Lausanne, Suisse | AFP | jeudi 21/07/2016 - Yelena Isinbayeva ne sera pas à Rio pour un troisième titre olympique: le Tribunal arbitral du sport (TAS) de Lausanne a confirmé jeudi la suspension des athlètes russes, victimes collatérales si ce n'est consentantes du système de dopage russe, ouvrant la voie à une exclusion collective de la Russie par le CIO.

Derrière la "tsarine" de la perche, c'est un géant de l'histoire de l'athlétisme qui est privé des JO. Le dauphin des Etats-Unis aux Jeux de Londres en 2012, avec 17 médailles dont 8 en or.

Pas de Isinbayeva donc, ni de Sergey Shubenkov, le champion du monde du 110 m haies. Ces deux athlètes n'ont jamais été contrôlés positifs, mais comme tous leurs compatriotes avec qui ils avaient fait appel de leur suspension par la Fédération internationale d'athlétisme (IAAF), ils ont été recalés jeudi par le tribunal suisse, à l'unanimité de ses trois juges.

Succès par KO donc pour l'IAAF et son président Sebastian Coe, trois jours après la publication du rapport McLaren lundi sur le "système de dopage d'Etat" russe, avec l'aide "active" des "magiciens" du FSB, les services secrets.

Le double champion olympique du 1500 m n'a pourtant pas crié victoire: "Ce n'est pas le jour pour des déclarations triomphantes", a insisté Lord Coe, dans un communiqué où l'IAAF s'est félicité qu'il y ait désormais une "compétition à armes égales" entre les athlètes.

- 'Le bon message' selon Bolt -
"Si vous trichez, vous serez poursuivi: c'est le bon message", a commenté Usain Bolt, la superstar jamaïcaine du sprint, interrogé jeudi à Londres.

"Merci à tous d'avoir enterré l'athlétisme", a par contre réagi Isinbayeva, dénonçant une décision "purement politique", comme le ministre des Sports russe Vitali Moutko.

"On ne peut que regretter profondément" cette décision concernant des "athlètes qui n'ont rien à voir avec le dopage", a déclaré de son côté le Kremlin, plus modéré.
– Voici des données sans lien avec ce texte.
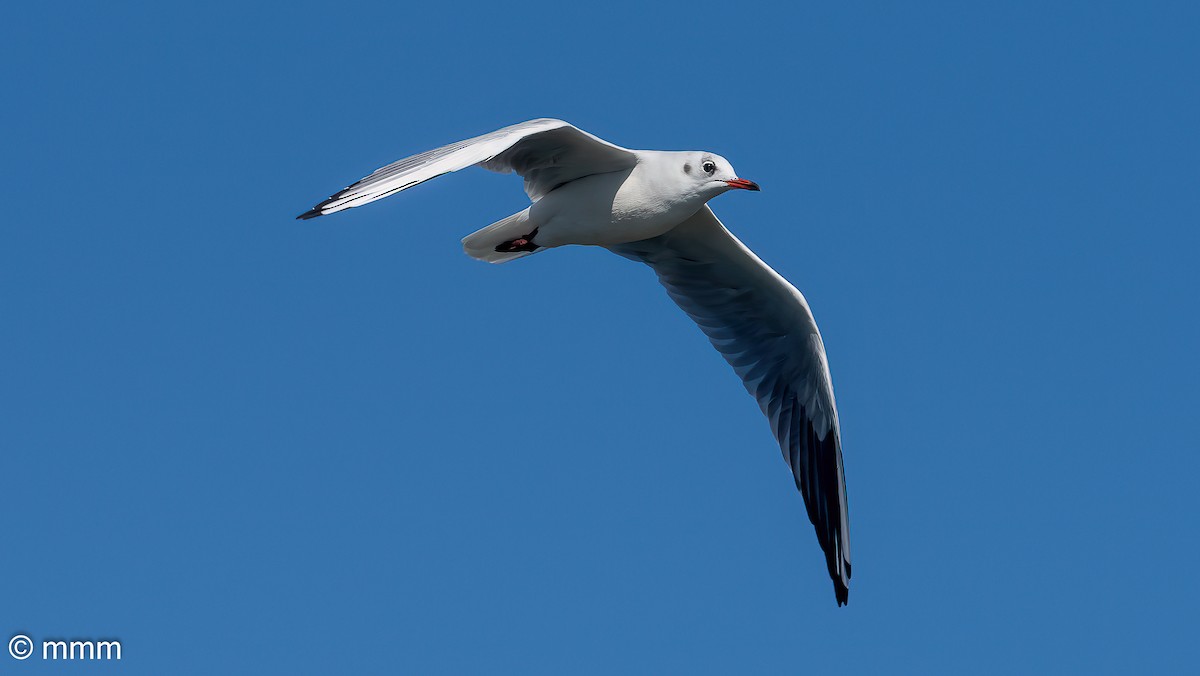 Black-headed Gull - ML642479591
Deux autres sports avaient déjà pris une telle mesure d'exclusion pour les JO-2016: l'haltérophilie avec la Bulgarie et le canoë-kayak en ligne avec la Roumanie et le Bélarus.

Et les sanctions pourraient ne pas s'arrêter là pour la Russie. Car cette décision du TAS rend désormais encore un peu plus envisageable une exclusion collective de la Russie par le Comité international olympique (CIO), poussé de toutes parts à une telle extrémité depuis le rapport McLaren.

Mardi le CIO avait expliqué qu'il "explorait toutes les options juridiques" à sa disposition, mais qu'il entendait attendre la décision du TAS. Mercredi il avait ajouté qu'il se donnerait "sept jours" pour étudier ce verdict. Mais jeudi, il a finalement avancé sa montre. Sa commission exécutive se réunira dimanche et un communiqué sera fait, a indiqué l'instance olympique à l'AFP.

- Vers 'l'option nucléaire' ? -
Si une telle mesure d'exclusion collective de la Russie était prise par le CIO, ce serait "l'option nucléaire", pour reprendre les termes de Dick Pound, le président fondateur de l'Agence mondiale antidopage.

Le Comité olympique allemand (DOSB) s'est prononcé lui pour une solution moins radicale jeudi: uniquement l'exclusion des sportifs russes des 20 disciplines spécifiquement mentionnées dans le rapport McLaren.

Globalement, c'est toute le sport russe qui est menacée. Un coup dur pour le Kremlin où le président Vladimir Poutine, huitième dan de judo et hockeyeur amateur, s'est toujours évertué à incarner une diplomatie sportive ambitieuse.

Cette chute de l'empire de l'athlétisme russe est le fait de l'AMA. Et de Dick Pound, dont le premier rapport de 300 pages, le 9 novembre, avait dénoncé la Russie, son gouvernement, ses athlètes et leur "culture profondément enracinée de la tricherie". Le tout pour "atteindre le principal objectif de l'Etat: produire des vainqueurs".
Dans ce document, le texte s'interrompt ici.